Directions =>
Of all the lines below, return only those starting with the line holding "Community Pubs Minister" and going on through the line holding "Image similar to", exactly as written.

___ Dataset extract ___

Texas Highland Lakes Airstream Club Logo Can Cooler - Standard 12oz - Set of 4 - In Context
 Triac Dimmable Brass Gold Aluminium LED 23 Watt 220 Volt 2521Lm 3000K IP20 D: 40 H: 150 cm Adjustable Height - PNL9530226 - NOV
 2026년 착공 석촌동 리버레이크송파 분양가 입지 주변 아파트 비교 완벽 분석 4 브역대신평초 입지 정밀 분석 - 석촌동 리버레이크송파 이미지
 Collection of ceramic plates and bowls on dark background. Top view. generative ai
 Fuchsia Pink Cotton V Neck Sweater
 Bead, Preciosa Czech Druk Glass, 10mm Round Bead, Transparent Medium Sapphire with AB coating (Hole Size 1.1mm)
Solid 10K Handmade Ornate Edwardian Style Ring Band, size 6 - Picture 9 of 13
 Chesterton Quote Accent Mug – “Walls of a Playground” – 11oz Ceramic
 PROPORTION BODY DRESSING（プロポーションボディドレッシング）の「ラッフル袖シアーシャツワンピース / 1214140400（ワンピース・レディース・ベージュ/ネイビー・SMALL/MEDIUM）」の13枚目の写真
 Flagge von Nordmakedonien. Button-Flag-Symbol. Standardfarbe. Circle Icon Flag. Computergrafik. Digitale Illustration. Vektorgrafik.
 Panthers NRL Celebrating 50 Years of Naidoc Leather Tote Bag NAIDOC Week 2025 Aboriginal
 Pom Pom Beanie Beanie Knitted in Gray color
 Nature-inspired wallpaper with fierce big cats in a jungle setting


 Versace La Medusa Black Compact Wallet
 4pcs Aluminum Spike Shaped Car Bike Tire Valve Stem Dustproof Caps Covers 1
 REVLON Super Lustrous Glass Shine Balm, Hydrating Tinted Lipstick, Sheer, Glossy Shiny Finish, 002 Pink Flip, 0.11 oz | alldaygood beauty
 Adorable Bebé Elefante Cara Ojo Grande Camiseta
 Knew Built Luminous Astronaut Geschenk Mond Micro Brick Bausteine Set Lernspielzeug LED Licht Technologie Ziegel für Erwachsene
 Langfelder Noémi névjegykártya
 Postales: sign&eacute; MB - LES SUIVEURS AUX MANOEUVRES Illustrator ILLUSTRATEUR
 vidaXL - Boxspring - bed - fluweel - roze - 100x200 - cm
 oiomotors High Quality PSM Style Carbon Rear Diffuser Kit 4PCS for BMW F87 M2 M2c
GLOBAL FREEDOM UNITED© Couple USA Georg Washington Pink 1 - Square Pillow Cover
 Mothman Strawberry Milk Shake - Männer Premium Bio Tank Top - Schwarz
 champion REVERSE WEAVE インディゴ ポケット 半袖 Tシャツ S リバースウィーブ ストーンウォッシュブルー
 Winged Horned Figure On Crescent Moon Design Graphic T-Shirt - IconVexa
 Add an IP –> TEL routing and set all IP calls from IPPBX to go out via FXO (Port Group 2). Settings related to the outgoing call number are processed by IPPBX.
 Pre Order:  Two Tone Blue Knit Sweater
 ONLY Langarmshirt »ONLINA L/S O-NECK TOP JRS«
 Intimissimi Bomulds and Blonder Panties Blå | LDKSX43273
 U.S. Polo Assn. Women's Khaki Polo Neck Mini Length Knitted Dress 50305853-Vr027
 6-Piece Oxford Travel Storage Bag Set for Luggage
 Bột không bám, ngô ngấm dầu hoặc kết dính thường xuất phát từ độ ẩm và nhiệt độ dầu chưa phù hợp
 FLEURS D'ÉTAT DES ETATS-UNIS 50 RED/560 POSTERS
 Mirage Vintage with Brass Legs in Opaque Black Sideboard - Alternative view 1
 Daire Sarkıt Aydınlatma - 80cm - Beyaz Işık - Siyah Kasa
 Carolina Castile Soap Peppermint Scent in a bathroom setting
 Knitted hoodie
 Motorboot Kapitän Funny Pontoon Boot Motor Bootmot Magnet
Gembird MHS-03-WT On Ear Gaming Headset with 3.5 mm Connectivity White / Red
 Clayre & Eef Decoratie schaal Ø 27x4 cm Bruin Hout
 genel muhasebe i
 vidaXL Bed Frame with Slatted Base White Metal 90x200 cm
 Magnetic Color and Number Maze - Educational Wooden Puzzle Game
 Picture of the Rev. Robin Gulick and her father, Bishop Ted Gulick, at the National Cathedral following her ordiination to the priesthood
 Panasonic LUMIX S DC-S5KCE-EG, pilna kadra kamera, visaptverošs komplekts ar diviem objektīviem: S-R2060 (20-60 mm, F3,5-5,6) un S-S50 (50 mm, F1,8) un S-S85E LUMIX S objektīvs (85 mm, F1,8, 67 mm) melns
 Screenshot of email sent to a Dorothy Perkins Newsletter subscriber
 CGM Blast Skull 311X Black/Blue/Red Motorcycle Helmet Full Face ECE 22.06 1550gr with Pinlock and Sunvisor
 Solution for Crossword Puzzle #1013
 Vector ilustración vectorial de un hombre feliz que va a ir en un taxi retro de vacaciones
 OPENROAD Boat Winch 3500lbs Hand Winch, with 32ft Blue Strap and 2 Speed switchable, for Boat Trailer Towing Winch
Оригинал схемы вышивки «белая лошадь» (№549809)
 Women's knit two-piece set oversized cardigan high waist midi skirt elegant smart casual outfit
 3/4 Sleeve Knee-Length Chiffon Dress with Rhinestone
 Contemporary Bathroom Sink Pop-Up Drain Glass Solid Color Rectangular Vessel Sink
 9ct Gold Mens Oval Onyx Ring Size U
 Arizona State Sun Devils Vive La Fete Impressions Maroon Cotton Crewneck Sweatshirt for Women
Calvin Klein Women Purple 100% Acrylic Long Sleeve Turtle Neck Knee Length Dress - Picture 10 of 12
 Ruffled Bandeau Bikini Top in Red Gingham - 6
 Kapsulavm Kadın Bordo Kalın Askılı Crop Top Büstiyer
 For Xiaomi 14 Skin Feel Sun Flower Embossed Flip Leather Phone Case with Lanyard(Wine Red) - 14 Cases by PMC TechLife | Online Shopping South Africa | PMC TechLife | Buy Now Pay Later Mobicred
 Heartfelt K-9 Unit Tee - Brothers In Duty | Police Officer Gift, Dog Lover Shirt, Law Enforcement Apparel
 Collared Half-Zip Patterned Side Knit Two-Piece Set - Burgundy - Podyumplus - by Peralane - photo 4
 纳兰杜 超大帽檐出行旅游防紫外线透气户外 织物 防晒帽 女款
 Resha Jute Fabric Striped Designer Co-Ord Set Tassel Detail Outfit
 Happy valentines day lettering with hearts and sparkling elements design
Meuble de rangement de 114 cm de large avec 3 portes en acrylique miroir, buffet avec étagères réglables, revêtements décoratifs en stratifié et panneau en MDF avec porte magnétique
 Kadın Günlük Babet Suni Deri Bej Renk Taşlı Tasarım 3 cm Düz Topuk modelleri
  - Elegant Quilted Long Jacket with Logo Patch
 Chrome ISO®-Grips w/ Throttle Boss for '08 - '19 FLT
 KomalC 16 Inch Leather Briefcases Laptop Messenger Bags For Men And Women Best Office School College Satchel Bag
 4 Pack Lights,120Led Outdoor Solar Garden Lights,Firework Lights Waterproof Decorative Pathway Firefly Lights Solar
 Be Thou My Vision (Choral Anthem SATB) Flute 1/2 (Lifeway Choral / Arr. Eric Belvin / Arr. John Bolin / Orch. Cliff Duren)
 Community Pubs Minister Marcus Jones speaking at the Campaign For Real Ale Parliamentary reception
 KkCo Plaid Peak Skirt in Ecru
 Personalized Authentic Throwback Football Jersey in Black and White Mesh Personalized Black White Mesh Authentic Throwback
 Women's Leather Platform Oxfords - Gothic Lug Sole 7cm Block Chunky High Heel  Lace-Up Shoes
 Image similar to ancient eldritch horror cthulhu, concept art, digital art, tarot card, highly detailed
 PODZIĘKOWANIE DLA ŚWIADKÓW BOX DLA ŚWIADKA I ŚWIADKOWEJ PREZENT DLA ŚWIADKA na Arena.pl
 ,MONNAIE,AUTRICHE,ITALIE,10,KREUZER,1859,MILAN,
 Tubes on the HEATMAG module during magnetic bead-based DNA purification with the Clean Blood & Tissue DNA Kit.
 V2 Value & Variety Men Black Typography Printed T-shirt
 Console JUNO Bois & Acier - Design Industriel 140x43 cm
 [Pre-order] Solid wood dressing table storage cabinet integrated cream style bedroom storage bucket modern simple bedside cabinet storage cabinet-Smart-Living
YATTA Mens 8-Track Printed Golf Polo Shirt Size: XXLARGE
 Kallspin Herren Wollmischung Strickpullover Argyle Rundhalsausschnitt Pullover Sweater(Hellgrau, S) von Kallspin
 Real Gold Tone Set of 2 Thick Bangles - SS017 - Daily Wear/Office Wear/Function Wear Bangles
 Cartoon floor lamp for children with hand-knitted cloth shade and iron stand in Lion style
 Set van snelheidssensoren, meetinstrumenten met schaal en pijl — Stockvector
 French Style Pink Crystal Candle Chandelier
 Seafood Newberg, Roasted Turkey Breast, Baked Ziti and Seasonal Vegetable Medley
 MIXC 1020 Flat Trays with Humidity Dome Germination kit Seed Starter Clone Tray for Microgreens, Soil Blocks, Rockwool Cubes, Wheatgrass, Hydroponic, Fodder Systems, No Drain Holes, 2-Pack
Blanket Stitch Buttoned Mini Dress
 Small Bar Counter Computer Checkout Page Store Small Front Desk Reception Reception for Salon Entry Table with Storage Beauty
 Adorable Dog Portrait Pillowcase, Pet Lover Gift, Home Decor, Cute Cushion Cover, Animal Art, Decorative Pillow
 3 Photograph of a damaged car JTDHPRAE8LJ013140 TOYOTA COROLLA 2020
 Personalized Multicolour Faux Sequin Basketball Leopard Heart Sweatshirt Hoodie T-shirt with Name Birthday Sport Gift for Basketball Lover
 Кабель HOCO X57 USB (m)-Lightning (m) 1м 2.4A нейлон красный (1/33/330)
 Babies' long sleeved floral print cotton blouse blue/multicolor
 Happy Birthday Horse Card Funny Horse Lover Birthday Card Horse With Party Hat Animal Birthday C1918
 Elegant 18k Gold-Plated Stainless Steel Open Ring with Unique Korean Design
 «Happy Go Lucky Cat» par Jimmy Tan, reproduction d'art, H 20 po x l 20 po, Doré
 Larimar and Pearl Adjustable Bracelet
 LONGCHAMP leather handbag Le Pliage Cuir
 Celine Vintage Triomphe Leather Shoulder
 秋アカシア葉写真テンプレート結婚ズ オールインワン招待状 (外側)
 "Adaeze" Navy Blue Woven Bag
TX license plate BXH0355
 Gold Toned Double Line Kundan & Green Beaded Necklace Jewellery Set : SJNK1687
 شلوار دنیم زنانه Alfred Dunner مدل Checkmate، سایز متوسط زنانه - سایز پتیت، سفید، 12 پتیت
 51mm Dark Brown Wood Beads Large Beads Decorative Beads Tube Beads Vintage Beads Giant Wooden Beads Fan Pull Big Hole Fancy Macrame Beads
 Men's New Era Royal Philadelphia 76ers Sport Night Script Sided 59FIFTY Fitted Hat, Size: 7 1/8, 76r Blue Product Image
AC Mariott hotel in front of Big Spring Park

___

Reply to the exercise =>
 Community Pubs Minister Marcus Jones speaking at the Campaign For Real Ale Parliamentary reception
 KkCo Plaid Peak Skirt in Ecru
 Personalized Authentic Throwback Football Jersey in Black and White Mesh Personalized Black White Mesh Authentic Throwback
 Women's Leather Platform Oxfords - Gothic Lug Sole 7cm Block Chunky High Heel  Lace-Up Shoes
 Image similar to ancient eldritch horror cthulhu, concept art, digital art, tarot card, highly detailed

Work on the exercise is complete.